Fanny’s first male persecutor is her cousin Tom Bertram. Hoping to induce her to fill a minor role in Lovers’ Vows, he teases Fanny, calling her “‘creepmouse’”—an unwarranted slur since she can be outspoken in small groups—and falsely insinuating that she may be too stupid to memorize the six short speeches that are required (145). If no one can hear what she says onstage, no matter: the part is a mere nothing. It suits her well (145-46). All this vilification, on top of her inborn stage fright, leads to paroxysms of tears from Fanny. At this stage of his life, Tom is a persecutor. Many weeks later Sir Thomas, trying to keep Fanny from rejecting Henry, becomes her second male persecutor. His falsehoods—which he does not recognize as such—are the accusations that Fanny is self-willed, obstinate, selfish and ungrateful (319).
One thing is certain about seeing the plot of Mansfield Park as based primarily on the nine Beatitudes: Austen’s strict policy of not preaching her religion—of teaching instead by example in her novels—can never be interpreted as any kind of dissent from the teachings of her pastor father. Conformity to what she often refers to as “principles” rather than as “religious principles” (which she always meant) was the mainspring that motivated her life. The intense planning and work that must have gone into Mansfield Park corroborates the words her family put on her tombstone extolling her devotion, faith and purity.

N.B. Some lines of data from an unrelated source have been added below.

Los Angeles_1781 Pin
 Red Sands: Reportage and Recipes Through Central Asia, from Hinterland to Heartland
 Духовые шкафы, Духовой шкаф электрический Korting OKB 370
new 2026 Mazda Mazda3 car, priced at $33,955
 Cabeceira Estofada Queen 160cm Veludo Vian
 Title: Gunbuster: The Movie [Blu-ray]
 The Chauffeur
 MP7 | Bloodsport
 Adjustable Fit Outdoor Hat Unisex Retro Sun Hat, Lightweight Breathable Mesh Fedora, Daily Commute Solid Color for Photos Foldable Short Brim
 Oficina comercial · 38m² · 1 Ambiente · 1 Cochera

If only Austen had shown that morality can exist without religion, I would be better pleased.
Austen, Jane. The Novels of Jane Austen. Ed. R. W. Chapman. 3rd ed. Oxford: OUP, 1933-69.
Collins, Irene. Jane Austen and the Clergy. New York: Hambledon, 2002.
Johnson, Claudia L. Introduction. Mansfield Park. Norton Critical Edition. New York: Norton, 1998. xi-xxi.
Trilling, Lionel. “Mansfield Park.” 1955. Mansfield Park. Ed. Claudia L. Johnson. Norton Critical Edition. New York: Norton, 1998. 423-34.